## [Your instructions]
What you write should match, word for word, the lines from the one containing "Derby County Besitzer" through the end of the data, with no pictures.

*** Opening Data extract ***

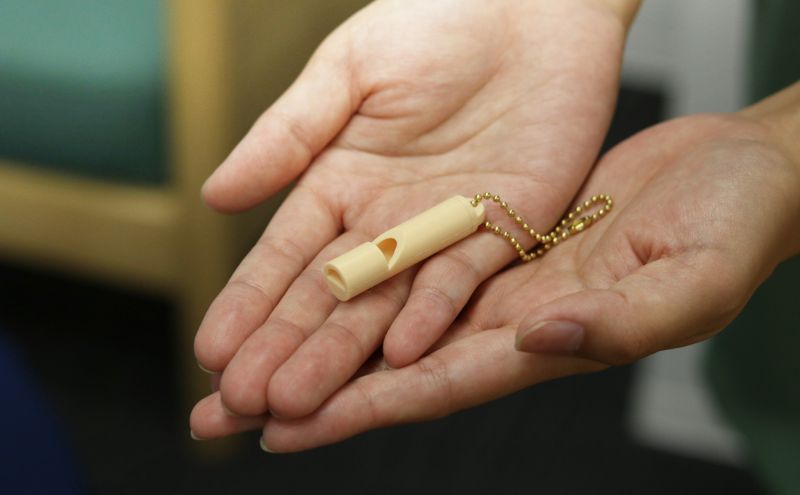 ホイッスル 曲がって割れない防災笛【雫音（しずね）】 笛 防災笛 シリコーンゴム製 防災ホイッスル 雫音 町工場 災害 弾性 水に強い 墨田区 東京都 ニュアンスグリーン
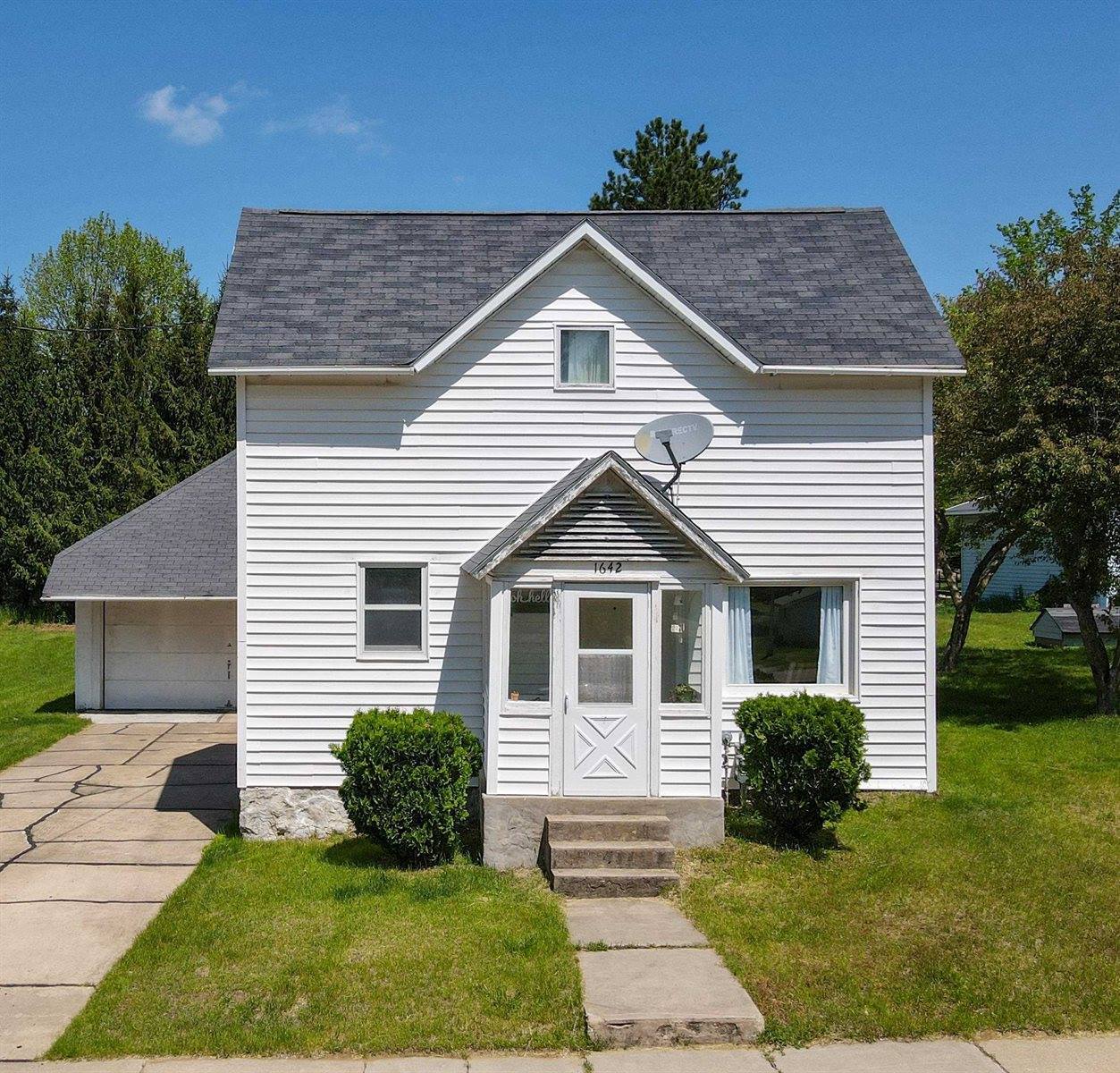 1642 Oak Street, Almond, WI 54909
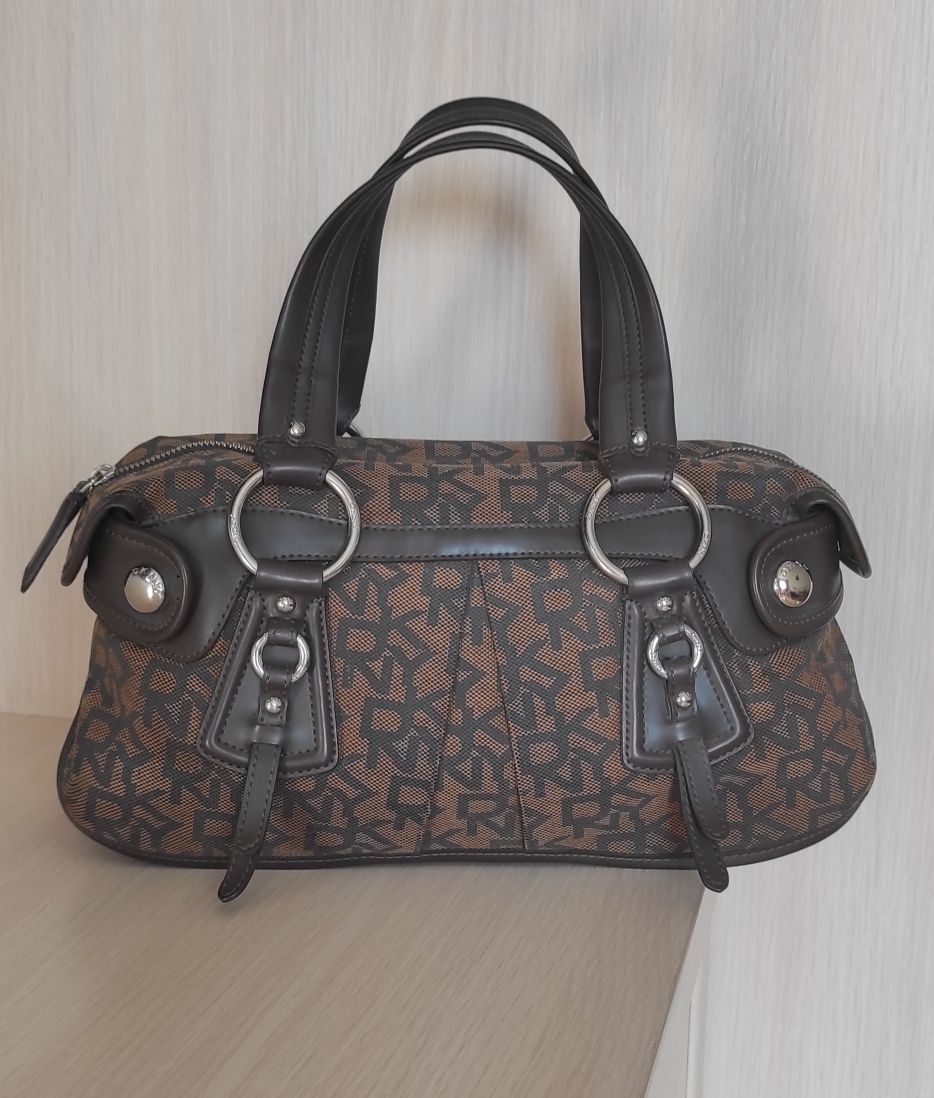 Стильная классическая сумочка с монограммой DKNY. Monogram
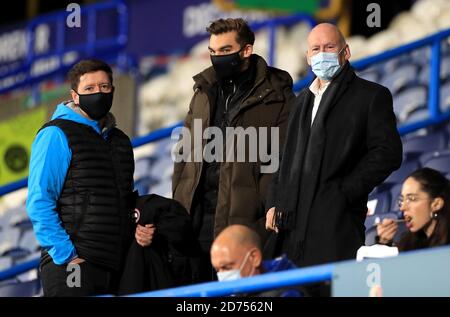 Derby County Besitzer Mel Morris (rechts) Leiter der Nachwuchsförderung Harry Croft (Mitte) mit dem Chief Executive Officer von Derby County Stephen Pearce (links) auf den Tribünen vor dem Sky Bet Championship-Spiel im John Smith's Stadium, Huddersfield. Stockfoto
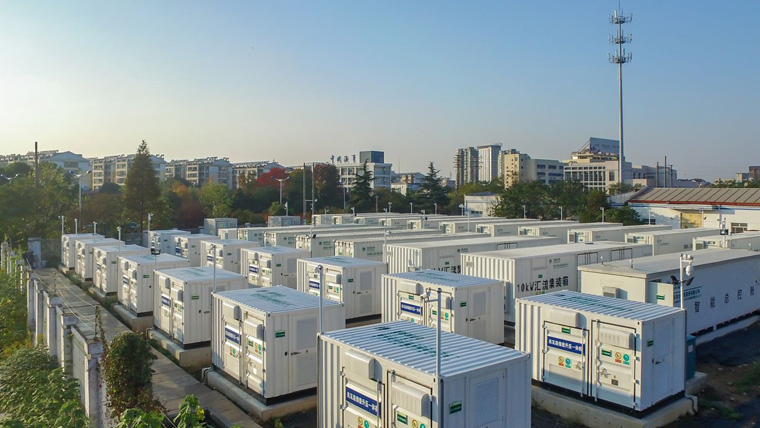 光伏儲能電站的電能存多久，10kw光伏電站配多大儲能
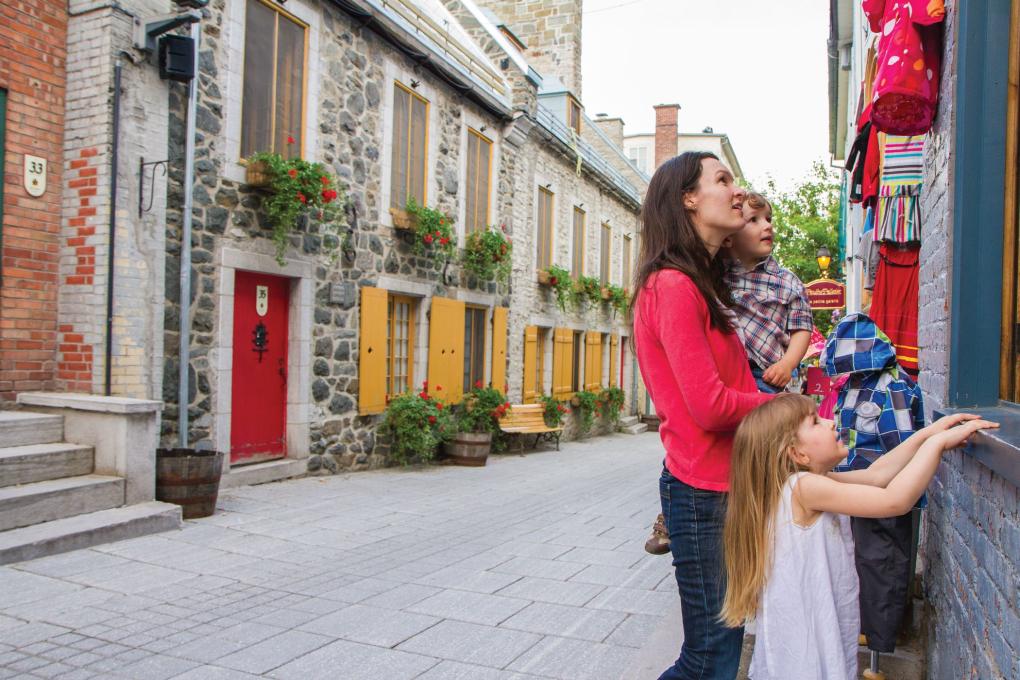 Mère avec ses enfants devant une boutique du Petit-Champlain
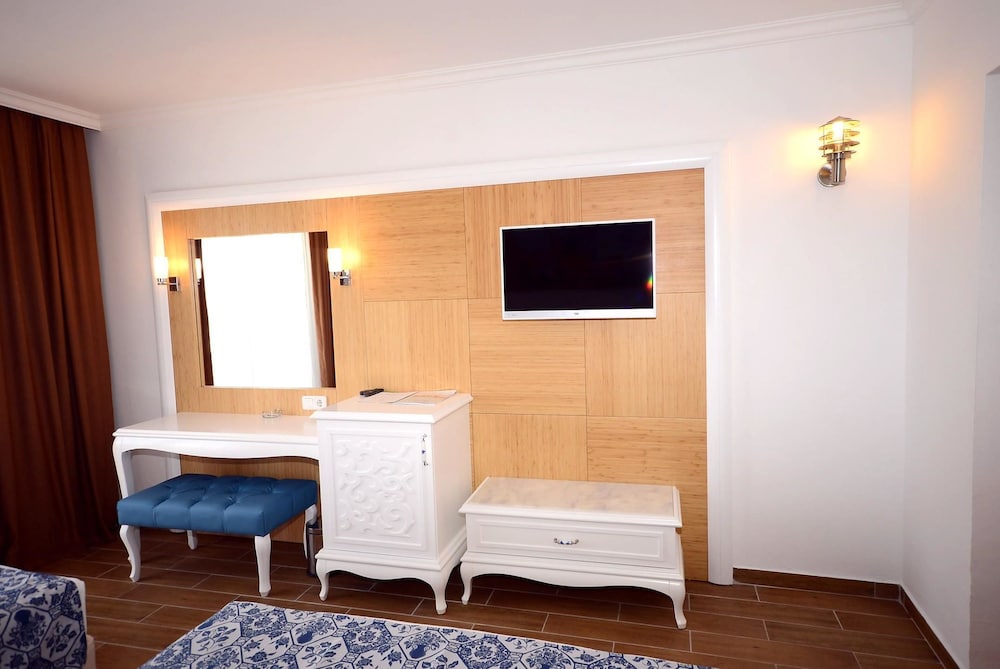 Eftalia Village Hotel - All Inclusive — 13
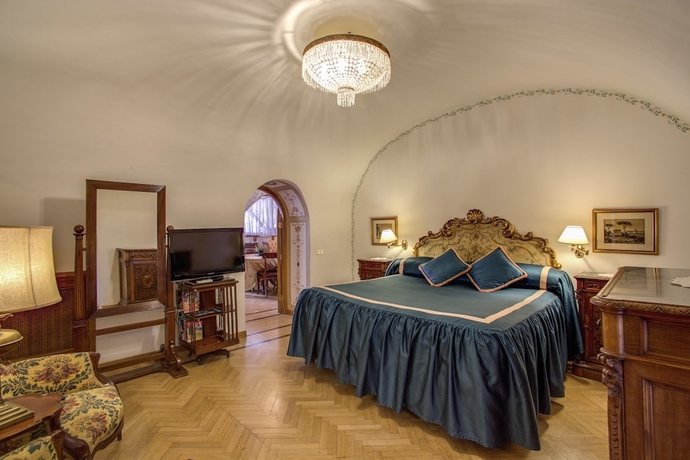 Imagen de la habitación del Navona Gallery Suites. Foto 7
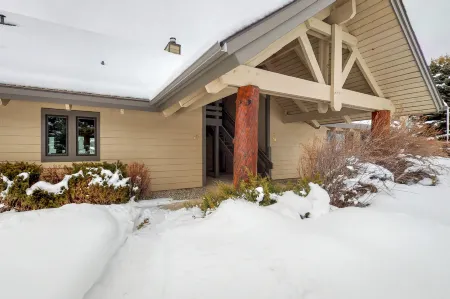 Golf course condo with WiFi, fireplace - access to pool & hot tub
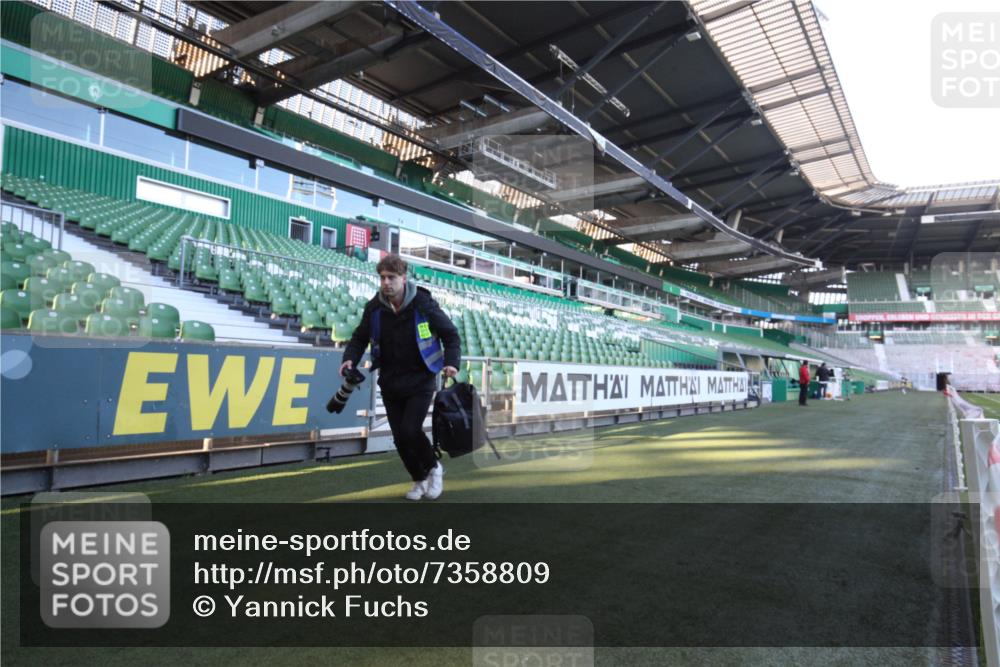 06.10.2024 - 19. swb-Marathon Bremen Yannick Fuchs http://msf.ph/oto/7358809 06.10.2024 10:15:11 Laufen im Stadion 8350, 8395, 8396 meine-sportfotos.de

*** Closing Data extract ***

## [Completed exercise]
 Derby County Besitzer Mel Morris (rechts) Leiter der Nachwuchsförderung Harry Croft (Mitte) mit dem Chief Executive Officer von Derby County Stephen Pearce (links) auf den Tribünen vor dem Sky Bet Championship-Spiel im John Smith's Stadium, Huddersfield. Stockfoto
 光伏儲能電站的電能存多久，10kw光伏電站配多大儲能
 Mère avec ses enfants devant une boutique du Petit-Champlain
 Eftalia Village Hotel - All Inclusive — 13
 Imagen de la habitación del Navona Gallery Suites. Foto 7
 Golf course condo with WiFi, fireplace - access to pool & hot tub
 06.10.2024 - 19. swb-Marathon Bremen Yannick Fuchs http://msf.ph/oto/7358809 06.10.2024 10:15:11 Laufen im Stadion 8350, 8395, 8396 meine-sportfotos.de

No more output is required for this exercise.